After transport come land use and agriculture. Whilst distinct, they’re closely linked.
Land use deals with changing land use – land being forested or deforested, or farmland being created. Whilst it’s often a one-time operation (for any given piece of land), the impacts are visible on a global scale, due to the extent of the land use changes, and the types of change.
I’m sure most of you will be aware of the benefits trees have on CO₂ levels – they act as carbon sinks, sucking up CO₂ and storing it. Naturally, therefore, if you cut down the trees and burn them, as is often done when forests are cleared, all that carbon is released. The clearing of different landscapes can have varying impacts – burning tropical rainforest is particularly intensive, as is clearing mangrove swamps and peatland.
One major reason that people clear land is for farming. Humans have to eat, after all, and agriculture takes up over a third of all land area, and is host to a number of significant emissions sources, from nitrate emissions from overuse of fertilisers (excluding other effects from agricultural run-off) to methane emissions from ruminant animals grown for milk and meat. There’s always pressure for more farmland, and unsustainable farming techniques can result in soil becoming degraded, meaning farmers are under constant pressure to move on, threatening natural ecosystems.

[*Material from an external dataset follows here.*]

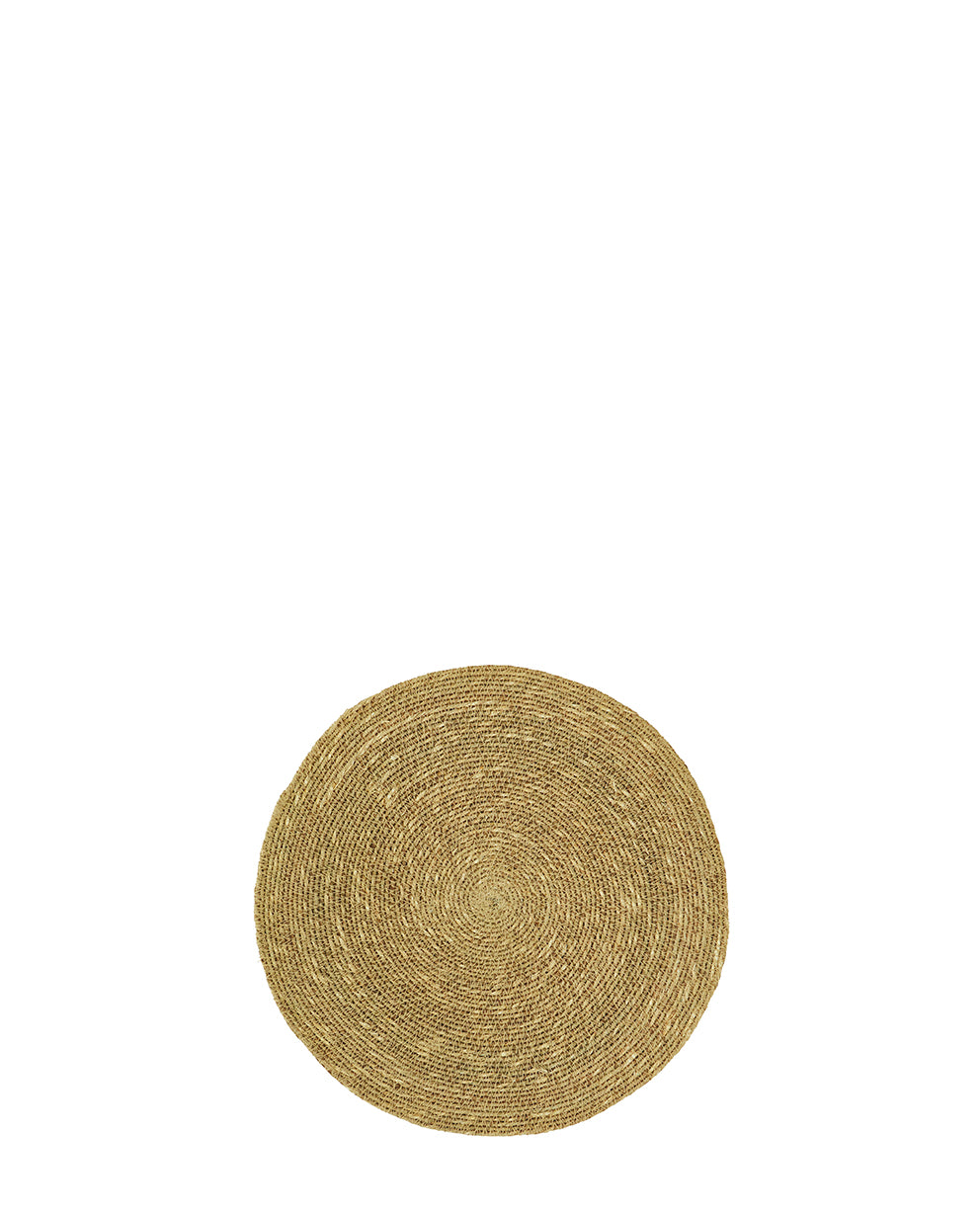 Seagrass Placemat | Various Colours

The last two significant sectors are residential and commercial, and industry. The first is the CO₂ released from our daily lives – usually this comes in the form of fuel burnt for heat and/or power at a residence or business, rather than pulled from the main grid. In developed economies, this tends to be less of a factor, but in developing countries, this can be a significant source of emissions.
Emissions from industry are dominated by a couple of key industries – steel and concrete. Both are driven by construction, and both are heavy emitters. Concrete releases CO₂ as an inherent part of the chemical production process, and making steel involves removing carbon-based impurities from iron. There are emerging alternatives that emit lower (and negative) CO₂, but these technologies are very much in their infancy, and takeup is thus far negligible.

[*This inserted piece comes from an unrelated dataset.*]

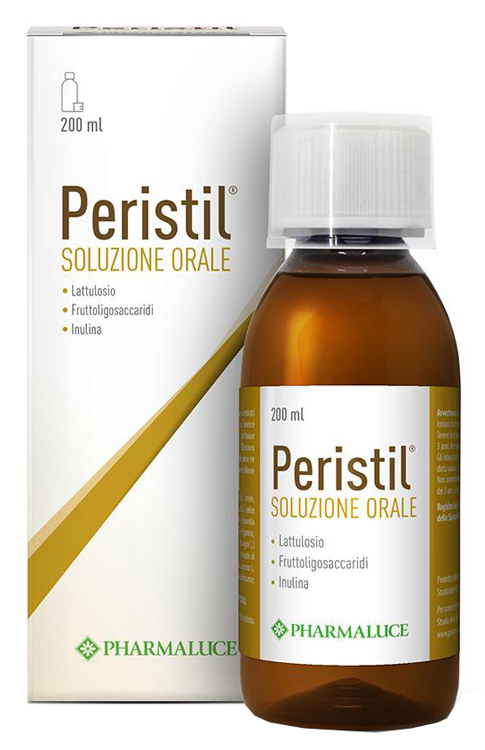 PERISTIL 200 ML - pharmaonline24.it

So there you have it – a whistle-stop tour of the principal sources of CO₂ and some of the background on GHG emissions more broadly. As always with a topic this broad, there’s a huge amount of complexity and nuance in all of these areas – we’re dealing with a process on a global scale after all – so I’d encourage you to dive in further and investigate yourself. This post was heavily influenced by Our World in Data’s excellent post on the same topic and I’d recommend it for a deeper dive. They were also the source for the visualisations used throughout.
I’ve mostly avoided talking about solutions here, not because we don’t have them – far from it – but because the task of tackling global warming is a long and complex one.
Is it achievable? Absolutely, but the route we take will be a complex and winding one, especially given the level of political wrangling required at an international scale. All we can do as individuals is to try and limit our own impact (you’re in the right place to learn about how!), and lobby our political representatives, whoever they are, to take this seriously.